Two practical ways out:
Crop to a 2.8K 16:9 timeline — around 2800x1573. Good for DCP. Good enough for cinema. Lets you reframe horizontally a bit in post.
Edit in a 4K UHD timeline and scale up by 1.3x — Fill the frame. Lose a smidge of sharpness, sure. But on any high end camera with decent glass? The image still sings. In fact, that tiny bit of softness gives it a texture I love.
Neither is perfect. But both are workable if you want the glass.
So what’s the takeaway?
Hopefully there’s something useful here for all the operators, DPs, and directors out there. And a couple of nuggets for the few remaining Venice Mk1 shooters without an R7, trying to wrestle anamorphic into submission - it’s a stretch I know, I’m probably the only one.

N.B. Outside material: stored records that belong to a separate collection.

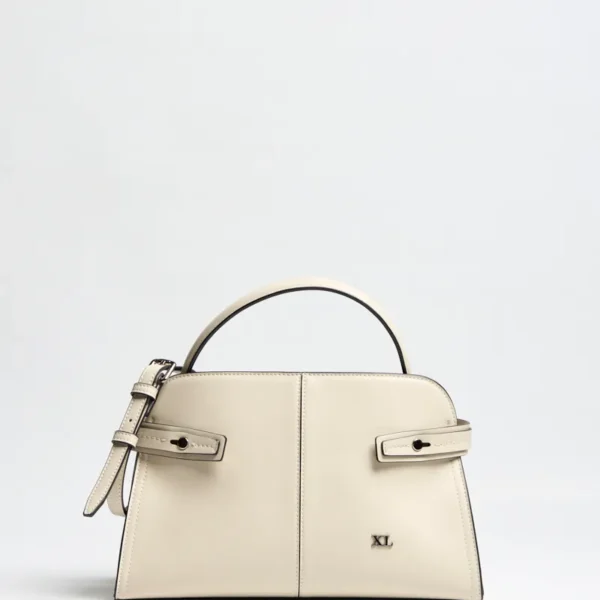 FIALA CARTERA CHICA BEIGE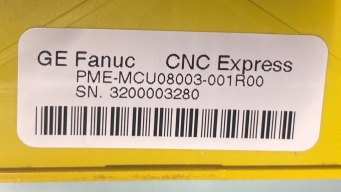 FANUC #PME-MCU08003-001ROO DRIVE - BL8863 11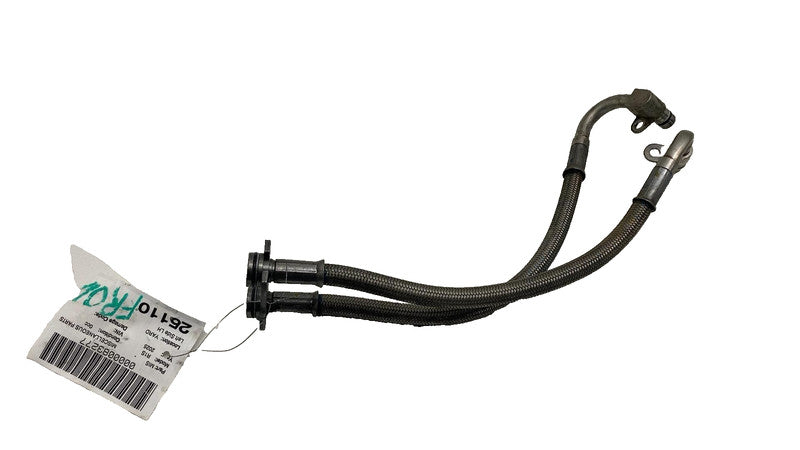 ⭕ 2025 Rivian R1S Front Driver Side Oil Cooler Pipe Tube Hose Line Assy Left LH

But hopefully you can see the impact of choose your aspect ratio early. Before you shoot. Don’t wait until post to “find the frame.” By then, you’re working backwards. If you’re composing for 2.39 but delivering in 16:9/1.78:1, your beautiful wide compositions are going to get butchered - especially as it so easy for a stranger to reframe you work in post.
Think about what your story needs to feel like.
Is it intimate? Expansive? Cramped?
Does the environment matter? Or is it all about the face?
Whatever it is — commit. Do it in camera. Live and breathe in that frame.
Press your eye against that viewfinder and fall into that that world you and your team are fighting to bring into existence. Even if no one else notices the decision, they’ll feel the difference.